With nothing added or dropped, copy the data that follows exactly.

[Extracted records]

※

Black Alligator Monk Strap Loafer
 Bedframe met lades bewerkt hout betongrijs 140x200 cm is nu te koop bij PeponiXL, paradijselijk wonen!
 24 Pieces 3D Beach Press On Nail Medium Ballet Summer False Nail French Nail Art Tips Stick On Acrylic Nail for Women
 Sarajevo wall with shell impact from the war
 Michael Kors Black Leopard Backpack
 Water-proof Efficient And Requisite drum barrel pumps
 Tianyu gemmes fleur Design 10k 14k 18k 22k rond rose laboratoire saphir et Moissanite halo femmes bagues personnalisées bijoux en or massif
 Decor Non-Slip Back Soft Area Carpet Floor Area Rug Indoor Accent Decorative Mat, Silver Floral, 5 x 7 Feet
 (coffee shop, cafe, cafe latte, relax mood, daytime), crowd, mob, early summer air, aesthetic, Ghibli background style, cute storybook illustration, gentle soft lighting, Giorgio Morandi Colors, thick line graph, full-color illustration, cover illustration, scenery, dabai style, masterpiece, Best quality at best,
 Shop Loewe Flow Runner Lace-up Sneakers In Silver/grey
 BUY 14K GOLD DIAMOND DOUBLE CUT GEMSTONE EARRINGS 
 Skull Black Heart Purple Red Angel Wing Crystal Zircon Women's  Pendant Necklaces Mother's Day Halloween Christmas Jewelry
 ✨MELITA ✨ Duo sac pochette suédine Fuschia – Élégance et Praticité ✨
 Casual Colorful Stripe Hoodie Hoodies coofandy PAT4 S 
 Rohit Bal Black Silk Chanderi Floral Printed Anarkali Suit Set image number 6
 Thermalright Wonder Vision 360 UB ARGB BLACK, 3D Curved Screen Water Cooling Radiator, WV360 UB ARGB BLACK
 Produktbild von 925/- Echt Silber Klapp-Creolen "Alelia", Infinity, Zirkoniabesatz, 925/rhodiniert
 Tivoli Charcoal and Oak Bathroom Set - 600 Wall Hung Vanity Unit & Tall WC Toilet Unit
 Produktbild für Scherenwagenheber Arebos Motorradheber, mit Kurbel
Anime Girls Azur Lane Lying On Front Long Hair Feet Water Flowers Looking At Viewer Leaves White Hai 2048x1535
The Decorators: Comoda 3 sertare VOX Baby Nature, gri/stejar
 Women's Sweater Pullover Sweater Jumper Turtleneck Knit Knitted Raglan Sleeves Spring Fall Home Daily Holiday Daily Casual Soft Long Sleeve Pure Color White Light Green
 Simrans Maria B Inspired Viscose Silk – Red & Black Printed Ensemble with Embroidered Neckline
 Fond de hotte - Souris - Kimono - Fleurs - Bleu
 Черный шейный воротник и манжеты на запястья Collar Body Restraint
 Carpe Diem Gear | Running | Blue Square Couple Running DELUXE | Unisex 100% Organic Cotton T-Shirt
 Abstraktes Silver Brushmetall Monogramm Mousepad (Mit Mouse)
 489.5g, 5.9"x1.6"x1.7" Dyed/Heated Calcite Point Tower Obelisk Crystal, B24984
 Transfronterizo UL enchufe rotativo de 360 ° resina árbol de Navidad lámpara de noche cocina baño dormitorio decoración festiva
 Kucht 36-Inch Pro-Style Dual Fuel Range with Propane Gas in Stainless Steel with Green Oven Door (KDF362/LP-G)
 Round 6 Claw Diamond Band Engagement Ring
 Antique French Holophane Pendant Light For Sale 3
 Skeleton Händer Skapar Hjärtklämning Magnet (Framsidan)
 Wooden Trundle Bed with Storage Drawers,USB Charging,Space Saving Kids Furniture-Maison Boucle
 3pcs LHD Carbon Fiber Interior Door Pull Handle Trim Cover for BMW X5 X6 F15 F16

※

Task output
Black Alligator Monk Strap Loafer
 Bedframe met lades bewerkt hout betongrijs 140x200 cm is nu te koop bij PeponiXL, paradijselijk wonen!
 24 Pieces 3D Beach Press On Nail Medium Ballet Summer False Nail French Nail Art Tips Stick On Acrylic Nail for Women
 Sarajevo wall with shell impact from the war
 Michael Kors Black Leopard Backpack
 Water-proof Efficient And Requisite drum barrel pumps
 Tianyu gemmes fleur Design 10k 14k 18k 22k rond rose laboratoire saphir et Moissanite halo femmes bagues personnalisées bijoux en or massif
 Decor Non-Slip Back Soft Area Carpet Floor Area Rug Indoor Accent Decorative Mat, Silver Floral, 5 x 7 Feet
 (coffee shop, cafe, cafe latte, relax mood, daytime), crowd, mob, early summer air, aesthetic, Ghibli background style, cute storybook illustration, gentle soft lighting, Giorgio Morandi Colors, thick line graph, full-color illustration, cover illustration, scenery, dabai style, masterpiece, Best quality at best,
 Shop Loewe Flow Runner Lace-up Sneakers In Silver/grey
 BUY 14K GOLD DIAMOND DOUBLE CUT GEMSTONE EARRINGS 
 Skull Black Heart Purple Red Angel Wing Crystal Zircon Women's  Pendant Necklaces Mother's Day Halloween Christmas Jewelry
 ✨MELITA ✨ Duo sac pochette suédine Fuschia – Élégance et Praticité ✨
 Casual Colorful Stripe Hoodie Hoodies coofandy PAT4 S 
 Rohit Bal Black Silk Chanderi Floral Printed Anarkali Suit Set image number 6
 Thermalright Wonder Vision 360 UB ARGB BLACK, 3D Curved Screen Water Cooling Radiator, WV360 UB ARGB BLACK
 Produktbild von 925/- Echt Silber Klapp-Creolen "Alelia", Infinity, Zirkoniabesatz, 925/rhodiniert
 Tivoli Charcoal and Oak Bathroom Set - 600 Wall Hung Vanity Unit & Tall WC Toilet Unit
 Produktbild für Scherenwagenheber Arebos Motorradheber, mit Kurbel
Anime Girls Azur Lane Lying On Front Long Hair Feet Water Flowers Looking At Viewer Leaves White Hai 2048x1535
The Decorators: Comoda 3 sertare VOX Baby Nature, gri/stejar
 Women's Sweater Pullover Sweater Jumper Turtleneck Knit Knitted Raglan Sleeves Spring Fall Home Daily Holiday Daily Casual Soft Long Sleeve Pure Color White Light Green
 Simrans Maria B Inspired Viscose Silk – Red & Black Printed Ensemble with Embroidered Neckline
 Fond de hotte - Souris - Kimono - Fleurs - Bleu
 Черный шейный воротник и манжеты на запястья Collar Body Restraint
 Carpe Diem Gear | Running | Blue Square Couple Running DELUXE | Unisex 100% Organic Cotton T-Shirt
 Abstraktes Silver Brushmetall Monogramm Mousepad (Mit Mouse)
 489.5g, 5.9"x1.6"x1.7" Dyed/Heated Calcite Point Tower Obelisk Crystal, B24984
 Transfronterizo UL enchufe rotativo de 360 ° resina árbol de Navidad lámpara de noche cocina baño dormitorio decoración festiva
 Kucht 36-Inch Pro-Style Dual Fuel Range with Propane Gas in Stainless Steel with Green Oven Door (KDF362/LP-G)
 Round 6 Claw Diamond Band Engagement Ring
 Antique French Holophane Pendant Light For Sale 3
 Skeleton Händer Skapar Hjärtklämning Magnet (Framsidan)
 Wooden Trundle Bed with Storage Drawers,USB Charging,Space Saving Kids Furniture-Maison Boucle
 3pcs LHD Carbon Fiber Interior Door Pull Handle Trim Cover for BMW X5 X6 F15 F16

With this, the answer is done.